Горький отклик: «За что? О, за что?» ―

Кто-то тихо сказал: «Ты не можешь простить,

Плачь в душе, но упреков не шли.

Это гордость в себе свое горе носить!» ―

И сожгла я свои корабли…

Кто-то дальше шептал — «В сердце был огонек [103],

Огонькам ты красивым не верь!» ―

И за этот за горький, тяжелый урок

Я скажу Вам — спасибо теперь.

Только грустно порою брести сквозь туман,

От людей свое горе тая, ―

Может быть, это был лишь красивый обман,

И не знаю, любила ли я…

_____

И Вы в свою очередь, Петя, не смейтесь. Ведь очень легко можно сказать Вам: «Вот сентиментальная девица. Почти что признание в любви!» — На что отвечу: это дело прошлое. Стихи эти написаны под впечатлением обиды и живым воспоминанием о Вас, каким я знала Вас в Орловке. Теперь всё изменилось. Не то чтобы ссора наша отдалила нас друг от друга, а все-таки есть что-то. Вы и сам верно это чувствуете. Согласны ли Вы? ―

Ну так вот, Вы не смейтесь. А все-таки мы пожалуй еще будем друзьями, и близкими. Мне отчего-то так кажется. О многом поговорим, когда увидимся и если увидимся.

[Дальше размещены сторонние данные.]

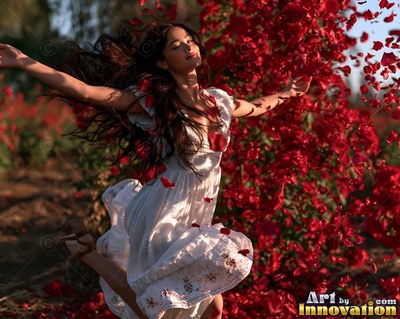 Leaping with open arms in a garden, a woman in a white dress catches red petals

Какое впечатление осталось у Вас от моих этих стихов? Пишите.

Соне передайте от меня, что «Лева [104] в Москве». ―

Ну, до свидания.

Хорошо бы, если зимой началось что-нибудь! Так жить нельзя, копаться в своей душе вечно — значит лишить себя всякой радости. Поменьше комнатной жизни! —


Впервые — Новый мир. 1995. № 6. стр. 132–133 (публ. О.П. Юркевич). СС-7. стр. 724–725. Печ. по тексту первой публикации.

11-08. П.И. Юркевичу

Какая у меня сейчас отчаянная тоска, Понтик! Осень, колокольный звон, сознание, что лучшее время уходит без радости. Вы вот говорите о том, что я слишком много занимаюсь своим «я». А откуда взять внешние события, когда их нет? Ходить в гости? Но это мне доставляет гораздо больше мучения, чем радости. Кто-нибудь пошутит, так себе, без всякого умысла, а я потом думаю, думаю об этой фразе, выворачиваю ее во все стороны, пока не додумаюсь до того, что всем на меня наплевать и пр.

Бывают у меня минуты, когда мне хочется, чтобы меня пожалели. Под таким настроением (опять-таки только настроением) вылилось у меня след<ующее> стихотворение, к<отор>ое Вы найдете на 2-ой стр<анице>.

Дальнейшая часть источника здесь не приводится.